Déclarer la guerre au dérèglement climatique Il faut aller plus loin et introduire de solides taxes carbone frappant les énergies fossiles. Une fiscalité environnementale ne se limite pas à donner des subsides aux panneaux solaires et aux voitures à faibles émissions de CO2, qui coûtent très cher et entraînent des gabegies. Elle doit à la fois décourager l’utilisation des énergies fossiles et encourager celle d’énergies renouvelables d’une façon progressive, naturelle et qui rapporte de l’argent.

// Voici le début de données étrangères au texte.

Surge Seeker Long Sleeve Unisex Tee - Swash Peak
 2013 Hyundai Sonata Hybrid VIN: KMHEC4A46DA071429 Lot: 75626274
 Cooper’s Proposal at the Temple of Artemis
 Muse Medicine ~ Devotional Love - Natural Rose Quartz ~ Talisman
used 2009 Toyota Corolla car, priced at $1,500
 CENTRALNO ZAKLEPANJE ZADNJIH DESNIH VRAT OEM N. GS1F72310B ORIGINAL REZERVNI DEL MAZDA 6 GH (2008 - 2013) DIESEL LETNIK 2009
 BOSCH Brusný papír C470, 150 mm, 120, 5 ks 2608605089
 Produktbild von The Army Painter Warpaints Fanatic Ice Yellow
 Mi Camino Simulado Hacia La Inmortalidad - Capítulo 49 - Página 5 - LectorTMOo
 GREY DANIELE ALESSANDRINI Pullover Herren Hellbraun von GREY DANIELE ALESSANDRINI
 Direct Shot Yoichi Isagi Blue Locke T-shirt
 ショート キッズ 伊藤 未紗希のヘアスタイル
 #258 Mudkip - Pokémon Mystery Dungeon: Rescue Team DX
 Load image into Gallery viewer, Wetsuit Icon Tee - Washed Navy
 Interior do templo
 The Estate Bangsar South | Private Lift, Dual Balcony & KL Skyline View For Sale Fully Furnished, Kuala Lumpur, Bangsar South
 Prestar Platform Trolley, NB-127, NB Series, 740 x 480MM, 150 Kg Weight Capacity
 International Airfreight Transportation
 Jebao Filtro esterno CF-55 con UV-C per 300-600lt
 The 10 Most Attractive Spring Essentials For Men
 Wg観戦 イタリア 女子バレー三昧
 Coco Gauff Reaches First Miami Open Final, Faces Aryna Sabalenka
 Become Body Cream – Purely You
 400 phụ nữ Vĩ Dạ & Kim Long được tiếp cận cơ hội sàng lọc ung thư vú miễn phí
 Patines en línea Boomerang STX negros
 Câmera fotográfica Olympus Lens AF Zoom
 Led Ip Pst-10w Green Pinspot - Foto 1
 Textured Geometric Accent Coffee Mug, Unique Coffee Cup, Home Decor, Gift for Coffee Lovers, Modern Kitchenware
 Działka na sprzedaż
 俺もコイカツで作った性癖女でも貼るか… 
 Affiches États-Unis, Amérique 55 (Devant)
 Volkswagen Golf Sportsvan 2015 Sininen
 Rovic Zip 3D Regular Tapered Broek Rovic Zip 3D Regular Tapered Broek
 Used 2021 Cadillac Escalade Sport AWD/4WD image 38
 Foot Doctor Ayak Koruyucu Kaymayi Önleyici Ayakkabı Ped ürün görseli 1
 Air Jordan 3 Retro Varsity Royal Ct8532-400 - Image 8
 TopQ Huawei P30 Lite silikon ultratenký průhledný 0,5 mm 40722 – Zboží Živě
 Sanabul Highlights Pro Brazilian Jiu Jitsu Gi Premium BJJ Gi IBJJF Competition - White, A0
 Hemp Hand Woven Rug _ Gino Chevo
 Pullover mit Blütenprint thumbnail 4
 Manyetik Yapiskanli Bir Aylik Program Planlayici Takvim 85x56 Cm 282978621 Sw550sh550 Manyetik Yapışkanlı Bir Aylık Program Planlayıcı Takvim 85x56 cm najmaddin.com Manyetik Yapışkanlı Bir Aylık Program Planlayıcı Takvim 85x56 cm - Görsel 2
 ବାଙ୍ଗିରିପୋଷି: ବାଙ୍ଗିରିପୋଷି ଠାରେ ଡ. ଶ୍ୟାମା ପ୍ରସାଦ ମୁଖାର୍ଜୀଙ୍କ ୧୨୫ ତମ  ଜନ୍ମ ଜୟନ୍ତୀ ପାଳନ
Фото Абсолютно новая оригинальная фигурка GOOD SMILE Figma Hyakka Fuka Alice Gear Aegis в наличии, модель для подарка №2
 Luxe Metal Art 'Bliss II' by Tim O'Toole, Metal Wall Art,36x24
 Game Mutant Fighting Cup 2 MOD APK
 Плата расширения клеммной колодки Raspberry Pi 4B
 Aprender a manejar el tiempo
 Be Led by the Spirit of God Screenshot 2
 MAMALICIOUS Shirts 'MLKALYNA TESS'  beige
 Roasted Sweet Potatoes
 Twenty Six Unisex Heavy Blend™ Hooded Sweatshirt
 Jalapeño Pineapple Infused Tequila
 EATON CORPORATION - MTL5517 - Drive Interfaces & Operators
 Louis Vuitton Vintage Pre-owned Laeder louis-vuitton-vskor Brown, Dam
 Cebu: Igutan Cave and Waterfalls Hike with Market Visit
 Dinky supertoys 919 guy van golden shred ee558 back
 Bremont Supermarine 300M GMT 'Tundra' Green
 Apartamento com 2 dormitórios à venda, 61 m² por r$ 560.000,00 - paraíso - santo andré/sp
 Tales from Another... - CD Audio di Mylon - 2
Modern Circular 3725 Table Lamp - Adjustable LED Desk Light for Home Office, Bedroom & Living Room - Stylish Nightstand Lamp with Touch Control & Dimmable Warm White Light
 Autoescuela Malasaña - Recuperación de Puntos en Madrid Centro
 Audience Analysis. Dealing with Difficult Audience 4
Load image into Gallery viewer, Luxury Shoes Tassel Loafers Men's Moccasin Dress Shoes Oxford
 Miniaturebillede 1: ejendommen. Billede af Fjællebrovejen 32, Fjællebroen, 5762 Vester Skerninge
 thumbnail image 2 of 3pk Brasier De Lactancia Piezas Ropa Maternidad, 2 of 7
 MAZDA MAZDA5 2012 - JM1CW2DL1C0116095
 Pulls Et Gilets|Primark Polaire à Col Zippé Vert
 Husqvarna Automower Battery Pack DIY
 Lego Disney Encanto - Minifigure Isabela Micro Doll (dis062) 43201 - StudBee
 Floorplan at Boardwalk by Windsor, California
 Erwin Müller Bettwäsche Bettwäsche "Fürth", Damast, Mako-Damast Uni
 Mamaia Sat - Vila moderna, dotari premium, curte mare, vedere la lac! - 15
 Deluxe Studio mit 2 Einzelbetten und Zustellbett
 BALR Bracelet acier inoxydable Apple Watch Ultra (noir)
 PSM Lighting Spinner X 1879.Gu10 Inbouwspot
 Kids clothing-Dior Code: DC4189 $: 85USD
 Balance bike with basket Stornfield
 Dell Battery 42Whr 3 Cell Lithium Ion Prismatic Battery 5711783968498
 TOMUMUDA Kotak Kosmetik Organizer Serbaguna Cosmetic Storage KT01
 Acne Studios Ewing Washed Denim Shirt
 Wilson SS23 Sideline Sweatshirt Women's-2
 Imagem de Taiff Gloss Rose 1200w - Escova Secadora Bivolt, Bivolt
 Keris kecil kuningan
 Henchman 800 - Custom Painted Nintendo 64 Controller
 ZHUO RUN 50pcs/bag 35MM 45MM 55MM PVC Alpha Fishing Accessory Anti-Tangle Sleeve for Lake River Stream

Ivan Van de Cloot – Economiste en chef, Itinera Institute

Sécuriser les précaires L’exemple du Danemark, qui offre à la fois une sécurité et un réel accompagnement pour les personnes au chômage – ce qu’on appelle le « flexicurity » -, implique une action forte pour accompagner les chômeurs vers un nouvel emploi. C’est un des grands enjeux pour la Belgique aussi. Il y a loin chez nous de la théorie à la pratique. Dans bien des cas, on ne peut pas parler d’un vrai accompagnement. Il faut investir dans cette mesure, pour toutes les catégories de chômeurs, également les plus de 50 ans.

Paul De Grauwe – Professeur à la London School of Economics

Redonner de l’oxygène aux Etats en diminuant les taux d’intérêt sur la dette C’est important, surtout pour les pays que la crise met dans des situations insoutenables et qui pourraient provoquer l’implosion de la zone euro. On peut le faire avec le soutien de la Banque centrale européenne, c’est tout à fait réaliste. La BCE ne le fait pas pour des raisons obscures : il n’y a aucun risque inflatoire dans ces pays. Et l’argument selon lequel un tel soutien les conduirait à diminuer leurs efforts de réduction des déficits et de la dette est fort exagéré : ils font déjà des efforts énormes, à mon sens trop élevés. L’austérité y atteint ses limites.